[Collection entries]
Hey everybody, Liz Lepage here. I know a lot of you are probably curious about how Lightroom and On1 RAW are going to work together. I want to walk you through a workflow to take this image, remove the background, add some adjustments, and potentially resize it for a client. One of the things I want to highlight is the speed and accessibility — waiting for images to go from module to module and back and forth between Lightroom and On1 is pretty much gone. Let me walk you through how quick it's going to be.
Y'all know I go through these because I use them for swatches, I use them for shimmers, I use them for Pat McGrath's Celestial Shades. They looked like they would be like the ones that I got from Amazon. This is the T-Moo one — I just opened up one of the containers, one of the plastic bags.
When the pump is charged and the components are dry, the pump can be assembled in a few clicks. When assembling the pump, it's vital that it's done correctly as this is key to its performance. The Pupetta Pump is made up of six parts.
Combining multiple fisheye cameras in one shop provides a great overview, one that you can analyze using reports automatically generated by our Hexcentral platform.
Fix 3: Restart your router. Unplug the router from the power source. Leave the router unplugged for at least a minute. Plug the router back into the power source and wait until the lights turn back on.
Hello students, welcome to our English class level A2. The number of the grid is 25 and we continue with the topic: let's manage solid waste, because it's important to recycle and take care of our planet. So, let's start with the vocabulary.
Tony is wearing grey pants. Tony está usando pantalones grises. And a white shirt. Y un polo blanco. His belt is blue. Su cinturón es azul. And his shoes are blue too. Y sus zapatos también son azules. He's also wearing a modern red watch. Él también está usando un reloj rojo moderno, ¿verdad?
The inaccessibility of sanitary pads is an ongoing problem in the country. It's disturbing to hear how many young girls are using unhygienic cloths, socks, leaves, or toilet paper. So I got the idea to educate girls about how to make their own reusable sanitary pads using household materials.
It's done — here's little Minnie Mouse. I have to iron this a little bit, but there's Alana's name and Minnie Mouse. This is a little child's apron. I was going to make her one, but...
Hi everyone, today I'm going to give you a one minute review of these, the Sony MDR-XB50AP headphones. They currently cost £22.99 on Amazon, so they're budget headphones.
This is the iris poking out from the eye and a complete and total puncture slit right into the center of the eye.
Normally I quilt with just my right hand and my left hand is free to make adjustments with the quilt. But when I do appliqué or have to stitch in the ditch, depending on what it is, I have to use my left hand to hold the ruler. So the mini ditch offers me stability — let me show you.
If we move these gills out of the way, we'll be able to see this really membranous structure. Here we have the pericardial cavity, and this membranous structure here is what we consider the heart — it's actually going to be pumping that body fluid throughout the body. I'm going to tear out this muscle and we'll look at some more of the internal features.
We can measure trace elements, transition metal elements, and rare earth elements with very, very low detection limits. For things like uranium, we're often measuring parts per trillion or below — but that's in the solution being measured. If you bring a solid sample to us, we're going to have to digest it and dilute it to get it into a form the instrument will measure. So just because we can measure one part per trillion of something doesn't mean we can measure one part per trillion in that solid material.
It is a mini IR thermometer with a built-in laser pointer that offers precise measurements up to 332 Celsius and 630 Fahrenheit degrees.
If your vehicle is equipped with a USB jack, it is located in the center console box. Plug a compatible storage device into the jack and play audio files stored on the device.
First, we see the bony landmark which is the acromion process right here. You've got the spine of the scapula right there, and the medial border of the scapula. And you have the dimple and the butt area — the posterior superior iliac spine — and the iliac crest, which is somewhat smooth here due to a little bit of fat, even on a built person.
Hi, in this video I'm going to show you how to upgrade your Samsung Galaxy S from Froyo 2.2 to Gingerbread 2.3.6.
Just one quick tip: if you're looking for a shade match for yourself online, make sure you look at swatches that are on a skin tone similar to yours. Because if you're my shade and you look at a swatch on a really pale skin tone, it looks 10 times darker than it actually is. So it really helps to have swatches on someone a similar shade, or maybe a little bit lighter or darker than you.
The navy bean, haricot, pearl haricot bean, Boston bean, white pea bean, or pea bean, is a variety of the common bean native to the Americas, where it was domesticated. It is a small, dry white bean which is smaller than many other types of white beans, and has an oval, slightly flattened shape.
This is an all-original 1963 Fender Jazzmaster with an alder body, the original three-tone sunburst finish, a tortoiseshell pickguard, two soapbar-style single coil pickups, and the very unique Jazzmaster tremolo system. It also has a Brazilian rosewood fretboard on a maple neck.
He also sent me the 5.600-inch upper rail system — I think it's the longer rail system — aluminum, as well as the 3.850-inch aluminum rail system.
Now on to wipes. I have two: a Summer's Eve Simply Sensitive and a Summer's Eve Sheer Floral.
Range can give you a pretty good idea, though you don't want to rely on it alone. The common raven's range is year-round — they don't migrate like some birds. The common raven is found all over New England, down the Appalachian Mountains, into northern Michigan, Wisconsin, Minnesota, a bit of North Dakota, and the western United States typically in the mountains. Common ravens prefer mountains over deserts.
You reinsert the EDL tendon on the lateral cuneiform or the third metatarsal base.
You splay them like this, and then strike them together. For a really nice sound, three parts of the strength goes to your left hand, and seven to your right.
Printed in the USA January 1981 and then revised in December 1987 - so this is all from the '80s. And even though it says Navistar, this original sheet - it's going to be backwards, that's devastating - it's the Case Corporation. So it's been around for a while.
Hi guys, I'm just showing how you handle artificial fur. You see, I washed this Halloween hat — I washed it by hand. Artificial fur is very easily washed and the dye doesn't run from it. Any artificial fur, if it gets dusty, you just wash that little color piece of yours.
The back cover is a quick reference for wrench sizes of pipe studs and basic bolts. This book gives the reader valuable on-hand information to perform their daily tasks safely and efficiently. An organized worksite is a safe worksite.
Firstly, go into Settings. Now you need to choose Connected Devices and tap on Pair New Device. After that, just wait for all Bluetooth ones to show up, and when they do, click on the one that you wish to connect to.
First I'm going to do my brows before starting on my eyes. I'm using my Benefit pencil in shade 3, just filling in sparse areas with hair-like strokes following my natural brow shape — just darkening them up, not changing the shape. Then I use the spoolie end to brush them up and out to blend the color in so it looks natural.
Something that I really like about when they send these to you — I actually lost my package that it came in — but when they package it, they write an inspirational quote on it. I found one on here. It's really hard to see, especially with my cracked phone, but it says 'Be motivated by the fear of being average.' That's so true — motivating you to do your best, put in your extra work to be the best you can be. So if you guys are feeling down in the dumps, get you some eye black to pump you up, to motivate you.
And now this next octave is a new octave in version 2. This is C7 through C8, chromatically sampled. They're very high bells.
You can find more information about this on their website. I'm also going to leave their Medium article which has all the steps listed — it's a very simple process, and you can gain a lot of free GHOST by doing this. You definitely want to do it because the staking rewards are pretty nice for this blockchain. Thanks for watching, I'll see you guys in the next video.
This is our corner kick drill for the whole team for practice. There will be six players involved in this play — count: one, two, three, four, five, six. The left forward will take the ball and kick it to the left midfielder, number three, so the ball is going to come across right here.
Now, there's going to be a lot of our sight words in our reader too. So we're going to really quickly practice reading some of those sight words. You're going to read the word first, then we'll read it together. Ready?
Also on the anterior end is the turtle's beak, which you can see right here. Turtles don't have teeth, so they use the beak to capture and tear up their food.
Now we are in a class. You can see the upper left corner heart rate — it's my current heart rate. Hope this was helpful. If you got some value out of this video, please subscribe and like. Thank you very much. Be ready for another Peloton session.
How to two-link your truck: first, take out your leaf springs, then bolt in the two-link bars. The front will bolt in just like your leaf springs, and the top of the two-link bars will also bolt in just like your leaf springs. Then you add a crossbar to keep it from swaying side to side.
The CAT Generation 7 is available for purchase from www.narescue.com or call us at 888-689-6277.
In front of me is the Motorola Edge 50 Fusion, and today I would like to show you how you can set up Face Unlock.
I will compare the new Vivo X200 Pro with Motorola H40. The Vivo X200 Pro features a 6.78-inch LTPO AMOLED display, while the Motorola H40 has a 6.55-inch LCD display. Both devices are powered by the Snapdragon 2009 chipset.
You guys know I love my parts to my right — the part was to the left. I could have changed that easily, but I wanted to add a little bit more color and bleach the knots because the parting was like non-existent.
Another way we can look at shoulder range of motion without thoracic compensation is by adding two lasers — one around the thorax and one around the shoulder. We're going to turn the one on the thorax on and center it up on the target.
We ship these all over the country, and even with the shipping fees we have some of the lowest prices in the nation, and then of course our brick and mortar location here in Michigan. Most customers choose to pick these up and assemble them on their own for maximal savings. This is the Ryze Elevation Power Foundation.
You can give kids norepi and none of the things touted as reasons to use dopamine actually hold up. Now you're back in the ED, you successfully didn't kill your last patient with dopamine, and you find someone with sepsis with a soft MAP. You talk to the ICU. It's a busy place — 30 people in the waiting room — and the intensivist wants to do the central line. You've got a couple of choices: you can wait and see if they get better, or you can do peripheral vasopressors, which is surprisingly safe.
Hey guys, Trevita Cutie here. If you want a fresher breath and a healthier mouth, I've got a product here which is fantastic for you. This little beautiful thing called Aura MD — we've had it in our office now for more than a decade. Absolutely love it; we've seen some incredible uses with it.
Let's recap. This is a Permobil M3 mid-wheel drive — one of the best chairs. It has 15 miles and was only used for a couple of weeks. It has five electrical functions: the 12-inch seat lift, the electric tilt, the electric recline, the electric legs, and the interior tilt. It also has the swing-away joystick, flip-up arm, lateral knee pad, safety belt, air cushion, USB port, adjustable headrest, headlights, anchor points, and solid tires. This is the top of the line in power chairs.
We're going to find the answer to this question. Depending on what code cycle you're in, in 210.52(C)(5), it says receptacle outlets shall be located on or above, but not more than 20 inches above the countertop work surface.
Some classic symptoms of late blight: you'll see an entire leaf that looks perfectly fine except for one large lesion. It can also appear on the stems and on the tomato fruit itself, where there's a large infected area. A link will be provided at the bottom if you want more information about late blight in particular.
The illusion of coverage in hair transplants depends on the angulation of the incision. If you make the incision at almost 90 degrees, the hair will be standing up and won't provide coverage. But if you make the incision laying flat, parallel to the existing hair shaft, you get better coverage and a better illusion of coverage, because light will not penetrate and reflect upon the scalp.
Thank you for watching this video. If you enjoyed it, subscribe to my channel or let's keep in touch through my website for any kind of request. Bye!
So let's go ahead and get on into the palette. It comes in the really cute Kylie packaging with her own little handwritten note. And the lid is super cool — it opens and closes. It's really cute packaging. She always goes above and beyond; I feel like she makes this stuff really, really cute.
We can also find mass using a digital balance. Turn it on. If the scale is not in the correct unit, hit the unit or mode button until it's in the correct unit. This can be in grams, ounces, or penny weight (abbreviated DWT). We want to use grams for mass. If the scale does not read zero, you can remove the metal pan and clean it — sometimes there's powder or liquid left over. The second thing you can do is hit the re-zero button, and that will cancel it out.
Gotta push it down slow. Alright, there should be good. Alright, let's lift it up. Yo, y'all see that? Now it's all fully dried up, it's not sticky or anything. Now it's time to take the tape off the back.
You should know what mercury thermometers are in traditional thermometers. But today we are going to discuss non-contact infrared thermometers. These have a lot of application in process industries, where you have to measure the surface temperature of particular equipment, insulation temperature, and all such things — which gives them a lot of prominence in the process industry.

[Task to carry out] Return, with no change at all, every line in the entries above from the line containing "How to two-link" through the line containing "The CAT Generation".

[Written solution]
How to two-link your truck: first, take out your leaf springs, then bolt in the two-link bars. The front will bolt in just like your leaf springs, and the top of the two-link bars will also bolt in just like your leaf springs. Then you add a crossbar to keep it from swaying side to side.
The CAT Generation 7 is available for purchase from www.narescue.com or call us at 888-689-6277.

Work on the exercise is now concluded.